Der Tagesspiegel spricht von 700 Mitgliedern der Grünen im Ortsverband Saarlouis, einem Kaff von 34.400 Einwohnern und dem Stamm-Ortsverband von Hubert Ulrich. Das Saarland hat eine knappe Millionen Einwohner. Unten kommen noch ein paar Zahlenspiele, im Ergebnis würde man bei einem solchen Ortsverband ca. 30-40 Mitglieder oder 2,5 % der Landesdelegierten erwarten. Auf der einen Seite ist es mir ein Rätsel, wie jemand mehrere Hundert Gefolgsleute aus seinem Verwandten- und Bekanntenkreis rekrutieren kann.
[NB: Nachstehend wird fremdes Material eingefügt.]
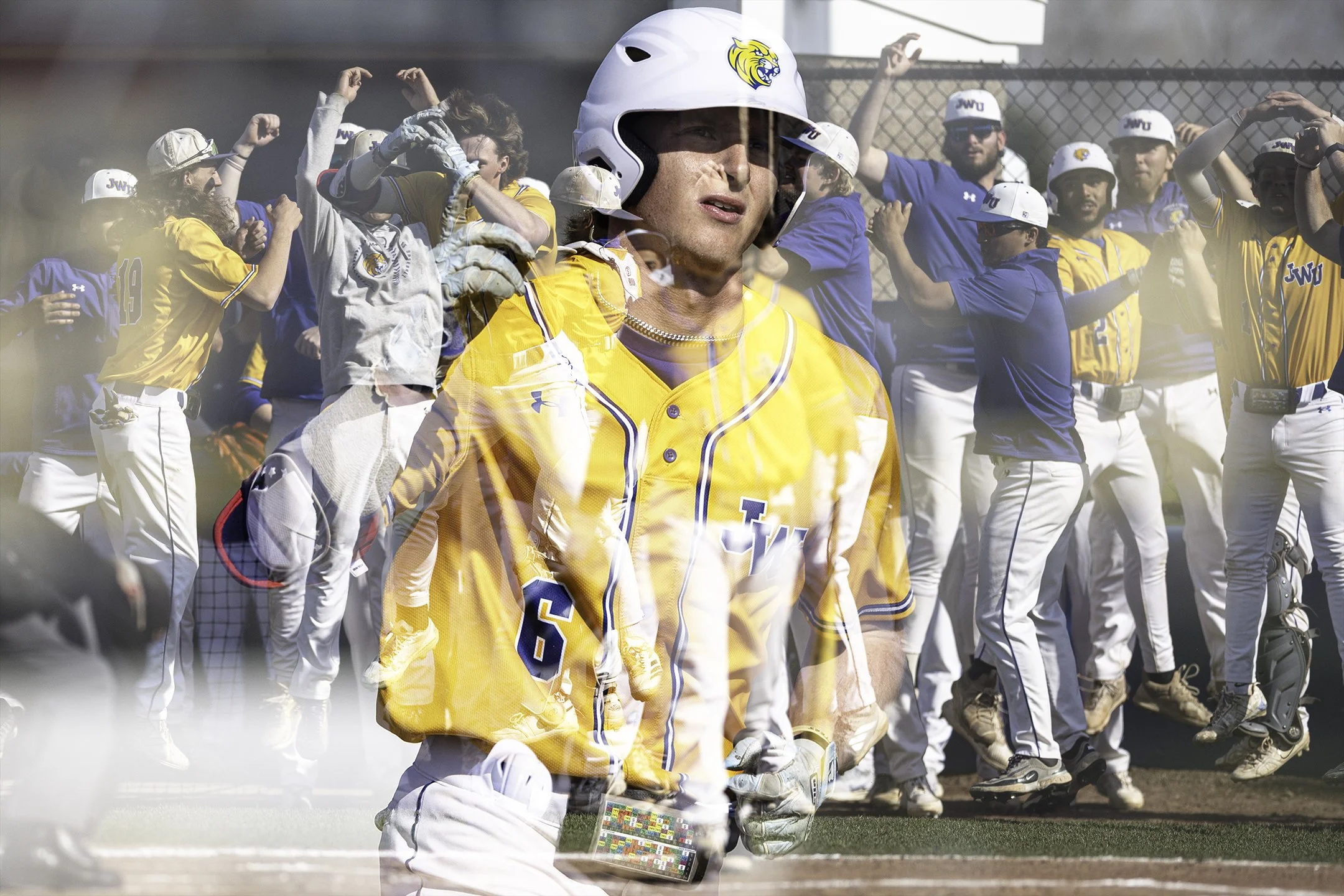 JWU_Baseball_GameAction_14APR26_019-de copy.jpg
Auf der anderen Seite scheint Ulrich nicht der Menschenfänger zu sein, der die Massen in Saarlouis begeistert (zumindest wenn man die sehr durchschnittlichen Wahlergebnisse betrachtet). Nun ist es nicht verboten, in eine Partei aus persönlicher Verbundenheit zu einem Funktionär einzutreten und auch in anderen Parteien, Zeiten und Orten soll es immer wieder zu Eintrittswellen vor wichtigen Wahlen gekommen sein. Was in Saarlouis läuft, sprengt aber jeden Rahmen.
Während die Bundes-Grünen bislang das Theater im Saarland eher mit geringem Nachdruck zu lösen versucht hatten (laut Tagesspiegel verstieß der Landesverband auch bei den vorangegangenen Listenaufstellungen gegen das Frauenstatut und der aktuelle MdB aus dem Saarland ist ja auch ein Mann, was gegen die These spricht, das Frauenstatut sei der eigentliche Grund gewesen), sah man diesmal sowohl den dringenden Bedarf (Ulrich will selbst in den Bundestag) wie auch die Möglichkeit (nachgewiesene Unregelmäßigkeiten) einzugreifen.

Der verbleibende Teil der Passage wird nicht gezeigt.